**Exercise**
Only one number is wanted: the count of lines in the records below that hold the word "view".

Scraped caption text data
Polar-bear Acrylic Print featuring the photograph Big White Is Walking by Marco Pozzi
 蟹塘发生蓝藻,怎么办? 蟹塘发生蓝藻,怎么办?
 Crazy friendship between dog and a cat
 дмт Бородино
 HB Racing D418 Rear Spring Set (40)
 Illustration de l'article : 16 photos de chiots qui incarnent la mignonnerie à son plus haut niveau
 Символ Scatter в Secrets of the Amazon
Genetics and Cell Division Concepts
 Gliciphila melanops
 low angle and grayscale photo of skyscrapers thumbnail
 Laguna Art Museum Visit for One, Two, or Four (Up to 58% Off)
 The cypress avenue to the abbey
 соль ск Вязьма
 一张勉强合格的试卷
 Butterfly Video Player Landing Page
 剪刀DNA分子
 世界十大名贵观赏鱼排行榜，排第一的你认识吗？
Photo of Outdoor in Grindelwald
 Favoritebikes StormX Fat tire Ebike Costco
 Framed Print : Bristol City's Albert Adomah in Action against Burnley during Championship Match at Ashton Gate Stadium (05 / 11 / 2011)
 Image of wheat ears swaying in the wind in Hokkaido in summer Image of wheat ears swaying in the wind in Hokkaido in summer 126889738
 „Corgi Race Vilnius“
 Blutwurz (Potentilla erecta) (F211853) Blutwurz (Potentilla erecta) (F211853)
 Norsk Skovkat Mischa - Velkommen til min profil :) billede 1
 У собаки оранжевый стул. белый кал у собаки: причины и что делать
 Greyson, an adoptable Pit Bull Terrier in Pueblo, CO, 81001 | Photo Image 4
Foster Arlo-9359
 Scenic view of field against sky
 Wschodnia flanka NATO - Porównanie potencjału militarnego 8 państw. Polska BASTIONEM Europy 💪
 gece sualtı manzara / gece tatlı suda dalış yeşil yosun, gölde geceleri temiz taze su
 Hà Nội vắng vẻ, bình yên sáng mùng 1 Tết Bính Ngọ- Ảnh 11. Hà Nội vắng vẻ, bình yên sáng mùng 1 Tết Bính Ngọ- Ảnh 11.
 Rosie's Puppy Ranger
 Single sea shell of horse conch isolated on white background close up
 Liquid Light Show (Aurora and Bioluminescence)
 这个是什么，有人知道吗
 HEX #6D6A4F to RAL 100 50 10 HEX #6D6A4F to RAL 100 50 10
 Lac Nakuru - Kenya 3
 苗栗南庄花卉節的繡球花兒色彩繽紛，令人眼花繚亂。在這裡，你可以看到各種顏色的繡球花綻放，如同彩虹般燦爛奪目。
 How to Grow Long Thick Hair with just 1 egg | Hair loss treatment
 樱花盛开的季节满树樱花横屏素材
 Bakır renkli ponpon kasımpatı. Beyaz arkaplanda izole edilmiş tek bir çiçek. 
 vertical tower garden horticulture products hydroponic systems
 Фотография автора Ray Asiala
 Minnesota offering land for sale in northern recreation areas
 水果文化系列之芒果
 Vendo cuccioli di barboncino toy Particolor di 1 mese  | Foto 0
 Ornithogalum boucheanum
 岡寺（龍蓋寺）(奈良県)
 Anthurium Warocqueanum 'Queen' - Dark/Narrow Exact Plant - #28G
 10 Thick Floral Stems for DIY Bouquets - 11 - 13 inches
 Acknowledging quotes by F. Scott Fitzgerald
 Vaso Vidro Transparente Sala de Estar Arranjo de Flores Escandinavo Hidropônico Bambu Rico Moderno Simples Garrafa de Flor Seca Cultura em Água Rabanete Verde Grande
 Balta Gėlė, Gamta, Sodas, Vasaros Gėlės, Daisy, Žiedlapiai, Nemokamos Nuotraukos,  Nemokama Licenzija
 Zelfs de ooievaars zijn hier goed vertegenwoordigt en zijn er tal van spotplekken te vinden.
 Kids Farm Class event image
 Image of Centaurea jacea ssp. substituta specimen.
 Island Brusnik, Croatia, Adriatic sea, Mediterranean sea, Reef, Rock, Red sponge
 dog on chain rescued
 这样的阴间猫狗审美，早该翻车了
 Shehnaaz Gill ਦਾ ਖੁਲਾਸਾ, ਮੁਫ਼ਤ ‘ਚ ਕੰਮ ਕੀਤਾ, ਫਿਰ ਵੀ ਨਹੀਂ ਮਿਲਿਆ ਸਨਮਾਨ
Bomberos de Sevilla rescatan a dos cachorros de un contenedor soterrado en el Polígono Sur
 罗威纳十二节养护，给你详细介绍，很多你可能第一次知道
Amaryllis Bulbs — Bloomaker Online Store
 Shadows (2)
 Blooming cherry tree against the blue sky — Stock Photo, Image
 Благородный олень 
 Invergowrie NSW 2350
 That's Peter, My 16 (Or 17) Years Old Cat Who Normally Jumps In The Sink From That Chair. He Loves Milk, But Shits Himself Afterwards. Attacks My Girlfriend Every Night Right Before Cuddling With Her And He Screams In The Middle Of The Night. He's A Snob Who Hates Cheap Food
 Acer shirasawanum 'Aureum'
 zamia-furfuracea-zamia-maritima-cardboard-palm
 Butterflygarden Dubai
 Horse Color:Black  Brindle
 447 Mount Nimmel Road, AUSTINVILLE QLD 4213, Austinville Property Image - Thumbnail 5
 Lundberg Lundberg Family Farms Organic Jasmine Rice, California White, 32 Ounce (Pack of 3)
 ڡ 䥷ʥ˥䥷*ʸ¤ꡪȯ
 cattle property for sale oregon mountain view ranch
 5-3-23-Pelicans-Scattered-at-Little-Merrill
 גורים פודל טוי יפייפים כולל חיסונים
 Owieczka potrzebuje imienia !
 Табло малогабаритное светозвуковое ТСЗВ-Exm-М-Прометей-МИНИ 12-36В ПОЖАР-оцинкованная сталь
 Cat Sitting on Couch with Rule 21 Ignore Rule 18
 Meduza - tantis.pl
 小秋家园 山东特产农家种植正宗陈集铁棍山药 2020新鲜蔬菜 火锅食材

**Answer to this problem**
2